■ **Problem**: Output the listing verbatim, leaving out every picture.

■ **Input data**:
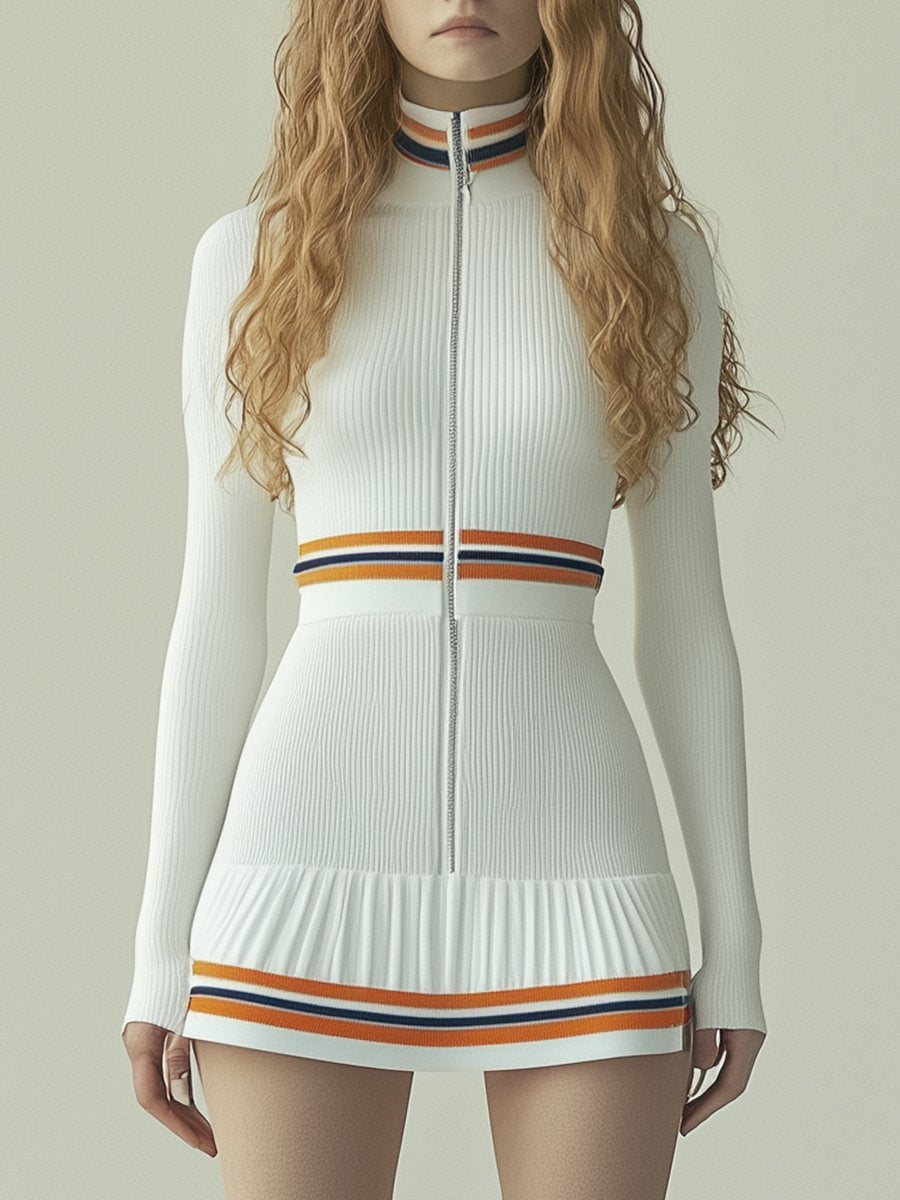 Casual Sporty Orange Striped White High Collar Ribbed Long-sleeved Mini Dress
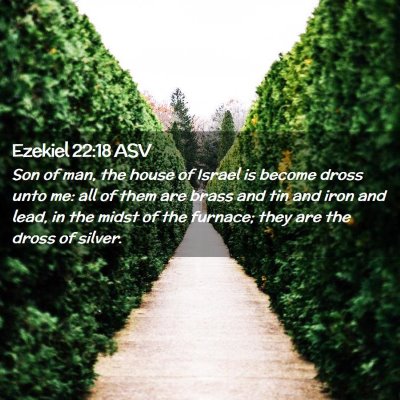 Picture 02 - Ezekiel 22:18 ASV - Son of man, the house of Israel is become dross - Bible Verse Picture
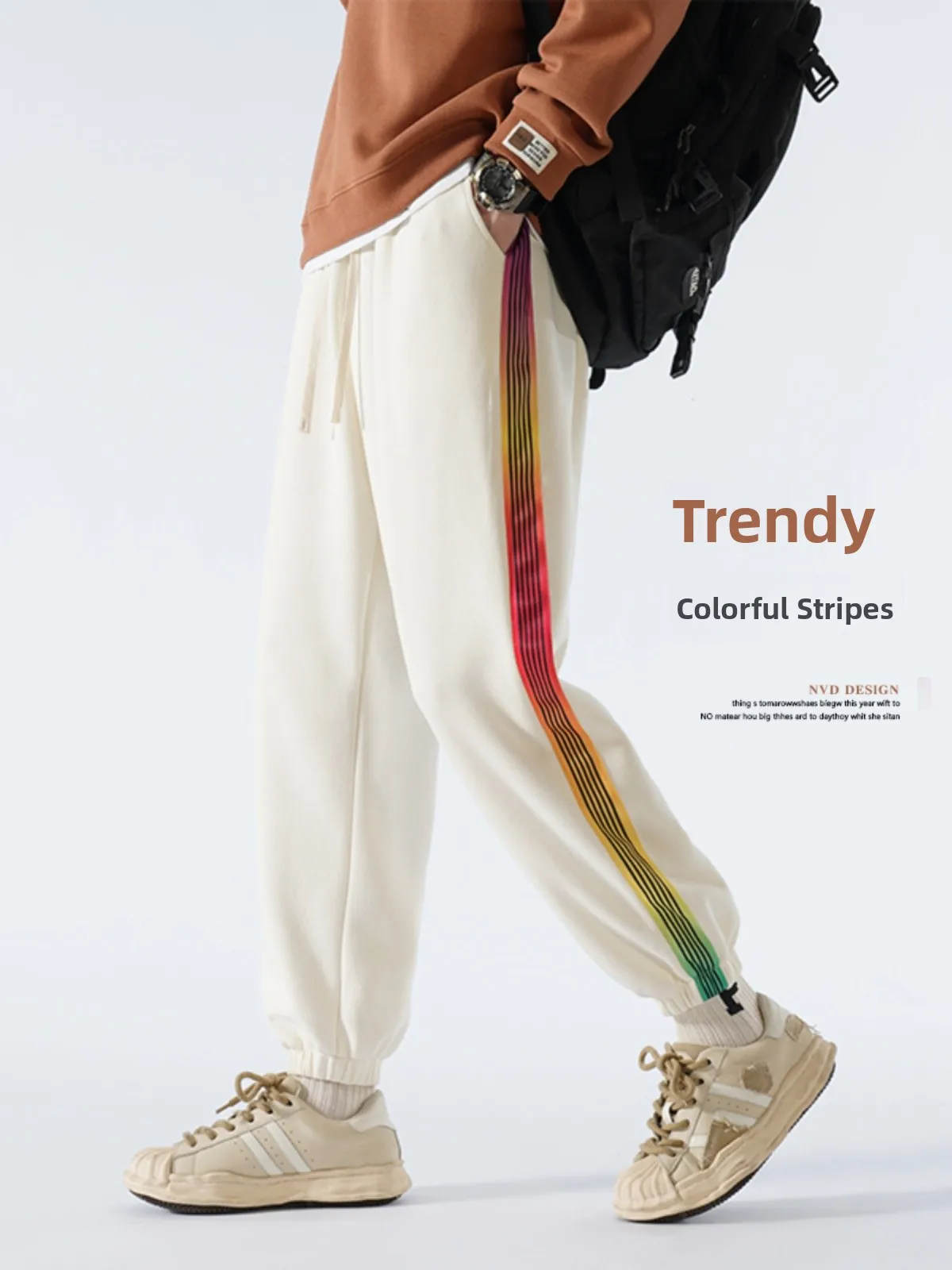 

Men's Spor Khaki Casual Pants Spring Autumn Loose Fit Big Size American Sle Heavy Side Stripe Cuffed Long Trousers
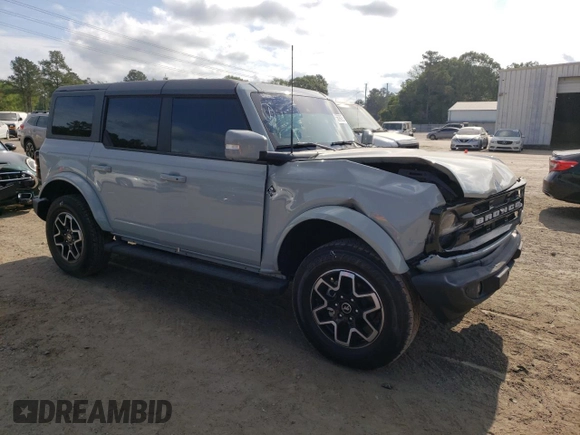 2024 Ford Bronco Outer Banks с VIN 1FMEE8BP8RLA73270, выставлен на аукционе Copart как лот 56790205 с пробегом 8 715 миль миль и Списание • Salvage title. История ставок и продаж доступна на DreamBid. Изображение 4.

■ **Exercise solution**:
 Casual Sporty Orange Striped White High Collar Ribbed Long-sleeved Mini Dress
 Picture 02 - Ezekiel 22:18 ASV - Son of man, the house of Israel is become dross - Bible Verse Picture

Men's Spor Khaki Casual Pants Spring Autumn Loose Fit Big Size American Sle Heavy Side Stripe Cuffed Long Trousers
 2024 Ford Bronco Outer Banks с VIN 1FMEE8BP8RLA73270, выставлен на аукционе Copart как лот 56790205 с пробегом 8 715 миль миль и Списание • Salvage title. История ставок и продаж доступна на DreamBid. Изображение 4.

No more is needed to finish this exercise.